The new BMW M4 CSL makes 405kW and 650Nm of torque.
Image: Supplied

This is it, folks, the new and hotly-anticipated BMW M4 CSL. Designed to better hunt down the likes of the Porsche 911 GT3, this evil-looking piece of equipment represents the pinnacle of the current M4 range and is the first BMW to wear the legendary Coupe Sport Leichtbau badge since the E46 M3 CSL broke cover back in 2003. So, big shoes to fill.

Available in Frozen Brooklyn Grey metallic, Alpine White or Sapphire Black, the BMW M4 CSL weighs 100kg less than the M4 Competition, thanks to a plethora of weight saving measures. These include the deletion of the rear seats and seat belts (-21kg), the fitting of feathery M Carbon full bucket front seats (-27kg) and a pairing back on the amount of sound-deadening material (-15kg). Of course the list doesn't end there. Lightweight alloy wheels, springs, struts and a M Carbon ceramic brake system help shed another 21kg, while extensive use of CFRP body panels (roof, bonnet and boot lid) saves a further 11kg. There's also a new titanium rear silencer (-4kg) and detail modifications to areas such as the kidney grille, rear lights, floor mats and automatic climate control system (-4kg). All in all BMW has worked hard to get the kerb weight of the M4 CSL down to 1,625kg. 

The M4 CSL isn't just lighter than the M4 Competition, it's more powerful too. Buried behind that aggressive visage is a modified 3.0l six-cylinder twin-turbocharged engine tuned to deliver a whopping 405kW at 6,250rpm and 650Nm of peak torque between 2,750 and 5,950rpm. BMW achieved this increase in power (an additional 30kW) by upping the turbo boost pressure from 1.7 bar to 2.1 bar as well as making some software tweaks to the engine management system. The cooling system has also received an upgrade with larger ducts cut into the front apron and remote coolers mounted within the front wheel arches. As speculated, power is delivered exclusively to the rear axle (there's no option of all-wheel drive here) via an uprated eight-speed M Steptronic transmission with Drivelogic.

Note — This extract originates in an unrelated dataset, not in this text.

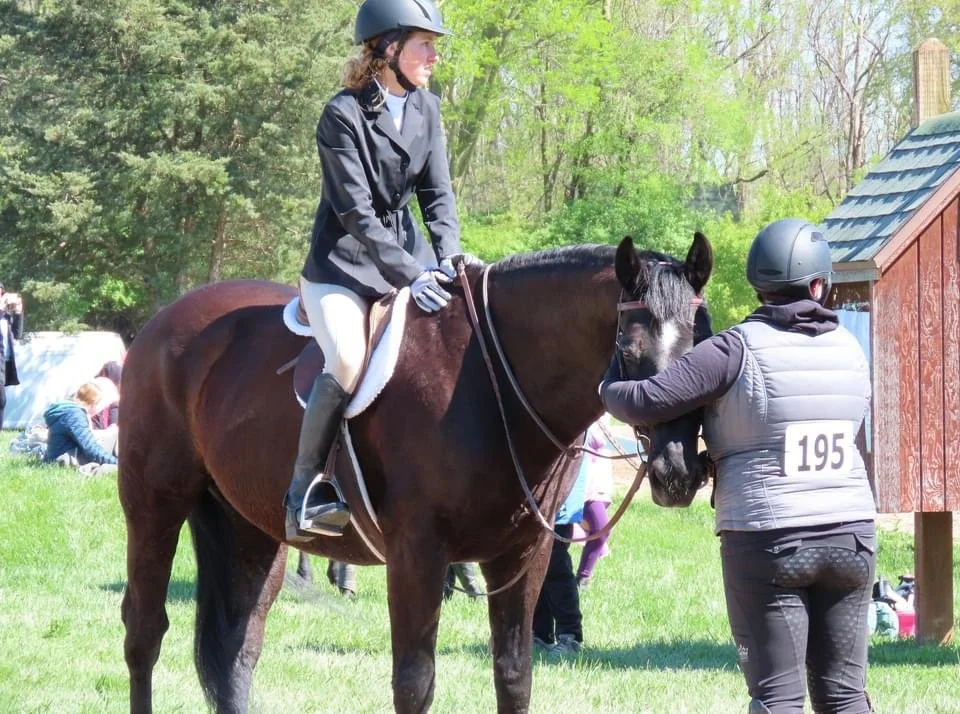 snuggles at ingate.JPG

The end result is a coupé that can scamper from 0-100km/h in 3.7 seconds, 0-200km/h in 10.7 seconds and keep on running right up to a claimed maximum speed of 307km/h. It will also lap the infamous 20.832-kilometre Nürburgring Nordschleife circuit in 7:20.207. 

As to be expected, the M4 CSL hits the road — or track for that matter — with a raft of chassis enhancements. These include bespoke front-end strut braces located inside the engine compartment, more aggressive geometry settings (cue lots of negative camber) as well as a set of gravity-cheating forged alloy wheels. Staggered in size (19-inches up front, 20-inches at the rear), these cross-spoked beauties are shod with specially developed Michelin Pilot Sport Cup 2 R tyres measuring 275/35 at the front and 285/30 at the rear. 

The adaptive damping of the standard M4 remains. However, it does on the M4 CSL benefit from an 8mm drop in ride height. BMW has also swapped the rubber rear axle mountings for ball joints, while the last five steps of the 10-stage traction control system have been revised and further optimised for the use of “touring car racers”. Make no bones about it, BMW and its M Division want you to use this machine out on the track. Especially as there are two helmet storage units integrated into the rear compartment.

Other droolworthy features include a set of yellow-tinted BMW Laserlight headlights (to mimic those used on the firm's GT racing cars), CFRP splitters and air curtain inserts in the front apron, plus a small-diameter sports steering wheel wrapped in Alcantara.

Production of the M4 CSL is limited to just 1,000 units worldwide and of those only 15 are coming to SA with deliveries set to begin in the fourth quarter. While local pricing is yet to be confirmed, pricing for the M4 CSL in the UK starts at £128,820 (roughly R2,544,958).